Verán, Pablo tiene un problema de bajo tono muscular. Imagínense un fideo cocido, panzón. Así es mi hijo. Flaco, guango, y por más que insiste en presumir su conejo, en realidad, es puro huesito.
No puede saltar de cojito, por ejemplo. Tampoco se puede quedar “congelado”, ya que no tiene la fuerza para mantenerse completamente quieto. Y por más que le eche muchas ganas (y a pesar de traer puestos sus zapatos “super-turbo”) corre más lento que cualquier otro niño de su edad.
Hasta el año pasado, me parece que él no se había percatado de ello. Al terminar cada una de las pruebas ―sin importar que hubiera sido el último en llegar; el que menos alto podía saltar; o el que menos lejos podía lanzar― siempre terminaba por gritar: “¡gané, gane!”. Y yo festejaba con él como si realmente hubiera ganado.
Pero este año era diferente. Ya se daba cuenta perfecto de quién ganaba y quién no. Ya sabía contar cuántas medallas tenía su amigo y cuántas (no) tenía él. Ahora, yo sabía que era una lección de vida, una oportunidad para aprender (No siempre se puede ganar… Algunos son buenos para unas cosas y otros somos buenos para otras, etc…). Sin embargo, mi lado de madre sobreprotectora (que abiertamente admito tener) no me dejaba tranquila. Este año yo iba muy nerviosa.
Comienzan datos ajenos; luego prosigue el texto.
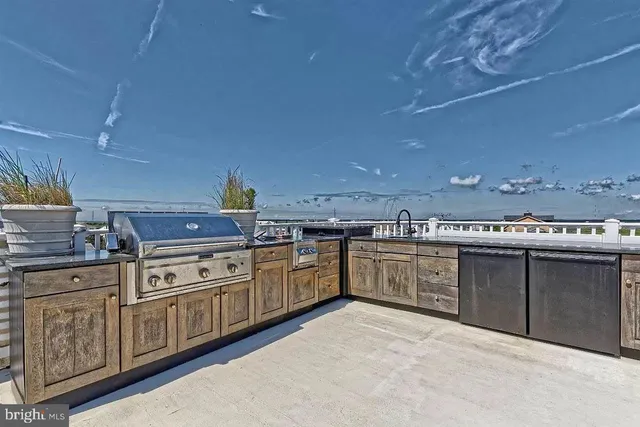 $2,850,000 | 704 Old Avalon Boulevard, Avalon, NJ 08202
Había otra cosa que también me inquietaba. Y es que, mientras que el año pasado Pía salió con 4 medallas, Pablo sólo salió con 1 (a todos les toca medalla en la carrera de relevos). Realmente quería evitar ese tipo de comparación entre los dos hermanos.
Entonces, días antes comencé a marearlo con el típico rollo de “lo importante no es ganar, sino divertirse”.
Y sí que me tomó la palabra… creo que nadie se divirtió tanto como él.
En la prueba de carreras, salió tarde porque estaba “calentando sus motores” (¿recuerdan a Los Picapiedra que movían los pies rapidísimo en su lugar antes de echarse a correr? Pues así lo hizo, pero con efectos especiales: “¡rum, rum, ruuummm!”). La prueba de salto se convirtió en todo un ejercicio dramático, en donde actuó ―en cámara lenta―tanto el salto, como el aterrizaje, con caída y todo (“¡wooowww… paaaaaasss… shuuummm!”). En la carrera de relevos, decidió correr en zigzag, alternándose entre todos los carriles, con una sonrisa de oreja a oreja, sin importar que fuera el único que seguía corriendo.
Sin embargo, en la prueba de lanzamiento de bala (o sea, de pelota) le fue bastante bien. No lo suficientemente bien como para ser premiado, pero sí lo suficientemente bien como para que yo premiara su esfuerzo, poniéndole una de las medallas que minutos antes se había ganado su hermana y que casualmente traía en la bolsa de mi pantalón. Eso le bastó para sentirse un ganador. Ya tenía esa medalla, más la otra que ya le habían dado a todos en la carrera de relevos. Curiosamente, esta vez Pía no ganó en lanzamiento de bala. Y justo ahí, en ese momento, estaba Pablo, observándola. “Ves Pablo, no siempre se gana. Pía no ganó medalla en esta prueba”, le dije.
Su respuesta fue inmediata: “No importa, yo tengo muchas. Le puedo compartir una de las mías”. Se quito la medalla que originalmente pertenecía a su hermana y se la puso a ella, echándole porras: “¡Bien hecho, Pía! ¡Buen trabajo!”. Y discretamente, cuidando que su hermana no se diera cuenta, me echó una mirada de complicidad. Y su carita reflejaba una enorme satisfacción.
Y yo que estaba preocupada…
Me lo como a besos. Sí, a mi fideo panzón. Lo amo. Eso es ser un verdadero campeón.